I think this is the better answer. It treats troubling as a verb, which is how it is in Japanese as well.
The Japanese sentence is in the past tense, so what TROUBLED you should be okay
"Komaru" is one of those Japanese verbs that references something in the past to tell you about the present. Something happened, and now you are in the state of being troubled. When you ask "nani ga komarimashita ka?" you are seeing that the person is currently troubled, and are asking what happened to cause that state.
Another example of this kind of verb behavior would be saying "kaze o hikimashita", which literally means "I caught a cold", but is explaining that now, currently, you have a cold.
"I caught a cold" is actually a good example, as you have the same construct in English there. "Caught" is past tense, but is often used in a context where you imply that you currently have a cold.

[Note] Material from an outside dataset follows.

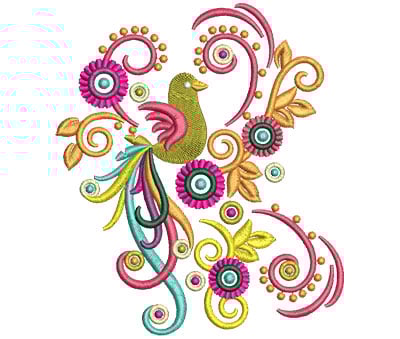 Embroidery Design: Retro Art Bird Swirls<br> 4.76w X 5.47h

E.g. "How're you doing? - Not great, I caught a cold."
Or, for that matter, consider the even more ubiquitous "I have got" to mean you possess something, where "got" is past tense.
Yes...it is in the past tense, so their translation is incorrect I, speaking to my Japanese husband, probably would be asking him: What was the problem? What was wrong?...again, idiomatic, not necessarily a LITERAL translation
I don't think this Japanese sentence is appropriate when someone wants to ask someone who seems to be in trouble...

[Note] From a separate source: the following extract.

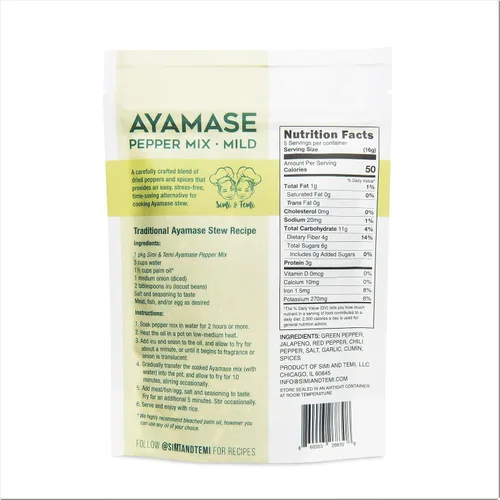 Vista 2 de Simi & Temi Mezcla de pimienta Ayamase Estofado nigeriano Sin conservantes Pimientos secos 2.75 oz Suave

I would ask,「何（なに）かありましたか？」、「何（なに）かお困（こま）りですか？」、「どうかしましたか？」or「どうしたんですか？」
「何（なに）がこまりましたか？」this is asking about a sort of specific things,
I agree this sentence sounds a little off. It sounds like person A said something like "こまりましたねえ..." and person B is like "何が'こまりました'？？？".
Also I want to add, if I wanted to say the English answer in Japanese I would say "Nani o nayande iru n desu ka?" (Sorry about no Japanese keyboard)
I wrongly thought it meant: "What got you in trouble?" How would you translate this sentence?
I think that idiomatically, you would have been good with that, but they have to try to stick as closely to the literal, textbook translation as possible...
Some Japanese constructions use past tense to express a present meaning, in the sense of, you became troubled at some point in the past, and you are (we're assuming) still troubled as a result of that. IsolaCiao gave the example of "I caught a cold", which is the same principle applied to English.
since こまります means "be in trouble" and the subject is 何, i wouldve thought the litteral translation would be "what was in trouble? "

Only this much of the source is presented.